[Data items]
+++

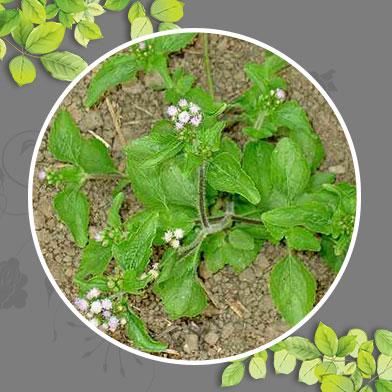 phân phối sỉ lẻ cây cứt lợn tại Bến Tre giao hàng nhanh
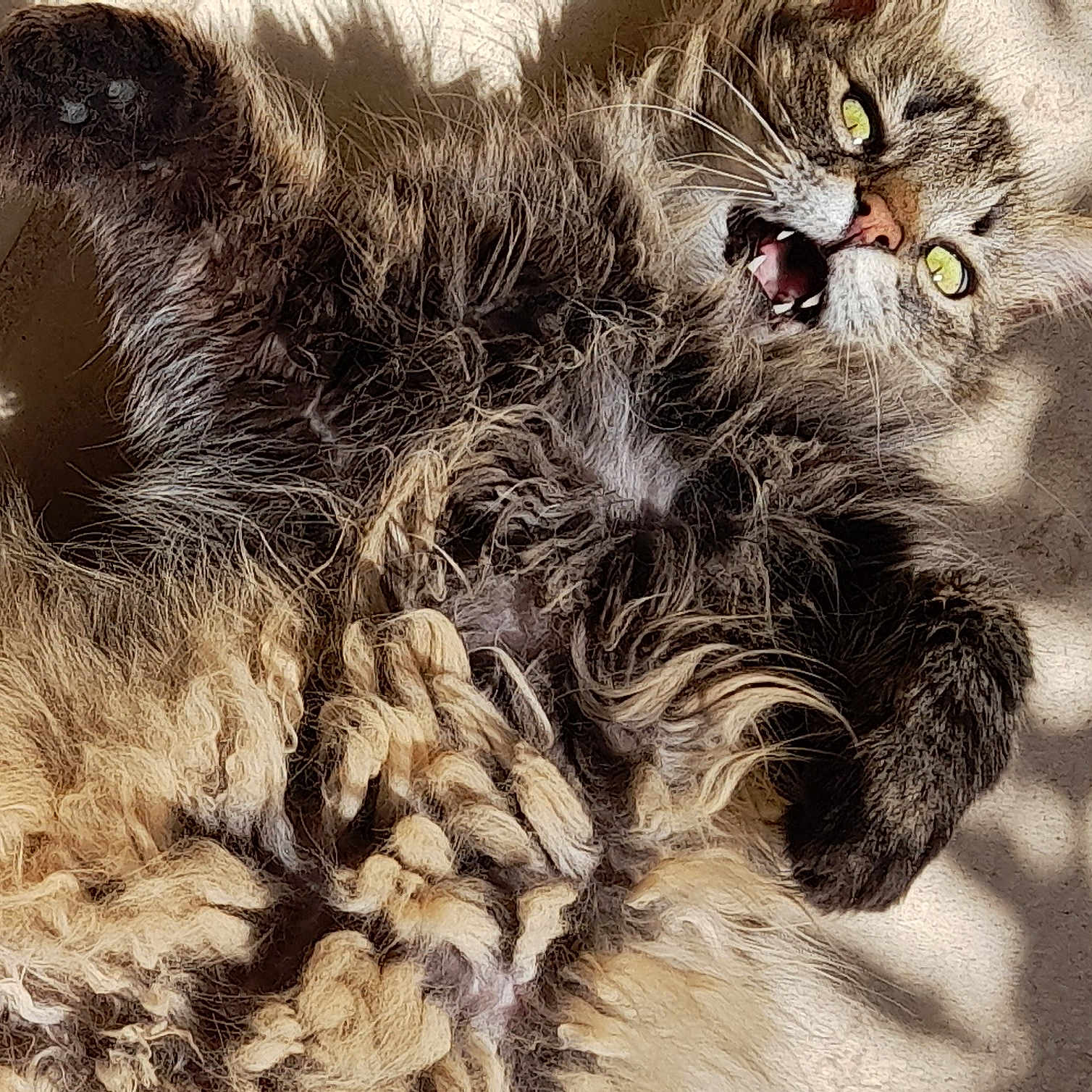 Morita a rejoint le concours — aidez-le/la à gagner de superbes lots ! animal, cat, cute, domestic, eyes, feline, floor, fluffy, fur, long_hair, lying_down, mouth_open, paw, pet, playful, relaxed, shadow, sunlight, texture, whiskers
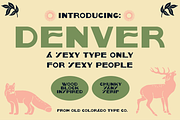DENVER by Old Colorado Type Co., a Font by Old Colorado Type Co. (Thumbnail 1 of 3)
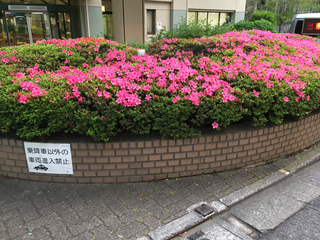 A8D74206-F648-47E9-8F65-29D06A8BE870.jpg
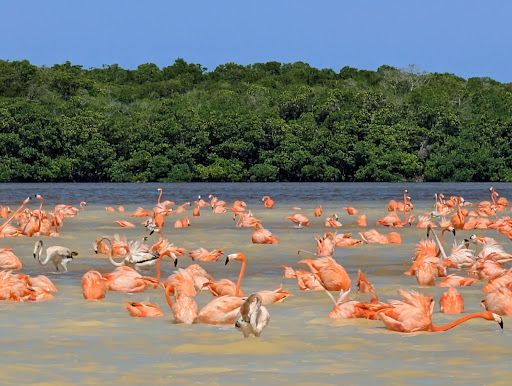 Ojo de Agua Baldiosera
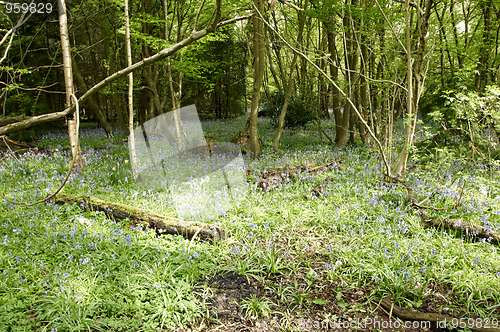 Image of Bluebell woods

+++

[Exercise objective]
The copy should hold exactly the lines from the one containing "A8D74206-F648-47E9-8F65-29D06A8BE870.jpg" through the final line of the records above, both ends included, and no picture.

[Exercise output]
 A8D74206-F648-47E9-8F65-29D06A8BE870.jpg
 Ojo de Agua Baldiosera
 Image of Bluebell woods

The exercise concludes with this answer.